- TASK STATEMENT:
Within the records below is a range that opens at the line with "Bild som illustrerar" and closes at the line with "Teca - Lambada Que Ella Gosta". Return that range word for word, both ends included, and only that range.

Source data
###

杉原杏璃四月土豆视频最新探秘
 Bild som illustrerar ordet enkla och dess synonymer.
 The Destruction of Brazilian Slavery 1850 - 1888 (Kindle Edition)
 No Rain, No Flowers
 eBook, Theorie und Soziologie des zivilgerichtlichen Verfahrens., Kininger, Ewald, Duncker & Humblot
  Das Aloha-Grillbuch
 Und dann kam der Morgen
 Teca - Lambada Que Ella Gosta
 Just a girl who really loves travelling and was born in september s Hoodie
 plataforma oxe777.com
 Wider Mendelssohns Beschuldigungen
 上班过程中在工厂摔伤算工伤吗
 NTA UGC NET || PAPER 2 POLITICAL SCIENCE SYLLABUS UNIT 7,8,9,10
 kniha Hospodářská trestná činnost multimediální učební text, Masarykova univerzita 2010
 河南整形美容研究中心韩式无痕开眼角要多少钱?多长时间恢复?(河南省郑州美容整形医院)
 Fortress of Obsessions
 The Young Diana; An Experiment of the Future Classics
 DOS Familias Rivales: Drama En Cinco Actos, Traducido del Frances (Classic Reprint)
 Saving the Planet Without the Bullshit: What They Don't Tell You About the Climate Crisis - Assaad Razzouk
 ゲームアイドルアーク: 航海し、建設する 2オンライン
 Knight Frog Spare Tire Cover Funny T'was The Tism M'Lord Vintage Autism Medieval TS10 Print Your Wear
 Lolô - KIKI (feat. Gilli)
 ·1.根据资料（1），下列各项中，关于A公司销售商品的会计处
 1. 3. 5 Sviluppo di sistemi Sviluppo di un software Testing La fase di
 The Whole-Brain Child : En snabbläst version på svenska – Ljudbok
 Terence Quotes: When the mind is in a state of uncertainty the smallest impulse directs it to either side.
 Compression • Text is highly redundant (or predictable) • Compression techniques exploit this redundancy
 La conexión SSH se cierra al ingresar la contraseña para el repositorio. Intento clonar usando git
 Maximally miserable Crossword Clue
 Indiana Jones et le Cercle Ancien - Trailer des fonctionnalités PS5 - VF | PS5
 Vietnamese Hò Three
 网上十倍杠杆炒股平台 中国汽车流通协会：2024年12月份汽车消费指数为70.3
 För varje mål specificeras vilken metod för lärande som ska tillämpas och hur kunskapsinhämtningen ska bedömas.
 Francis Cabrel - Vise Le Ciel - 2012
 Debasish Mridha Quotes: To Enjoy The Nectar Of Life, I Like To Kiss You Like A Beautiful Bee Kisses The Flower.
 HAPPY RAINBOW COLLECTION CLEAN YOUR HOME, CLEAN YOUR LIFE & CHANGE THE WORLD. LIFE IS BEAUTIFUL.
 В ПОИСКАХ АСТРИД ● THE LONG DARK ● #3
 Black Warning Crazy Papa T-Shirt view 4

###

- SOLUTION TO THE PROBLEM:
 Bild som illustrerar ordet enkla och dess synonymer.
 The Destruction of Brazilian Slavery 1850 - 1888 (Kindle Edition)
 No Rain, No Flowers
 eBook, Theorie und Soziologie des zivilgerichtlichen Verfahrens., Kininger, Ewald, Duncker & Humblot
  Das Aloha-Grillbuch
 Und dann kam der Morgen
 Teca - Lambada Que Ella Gosta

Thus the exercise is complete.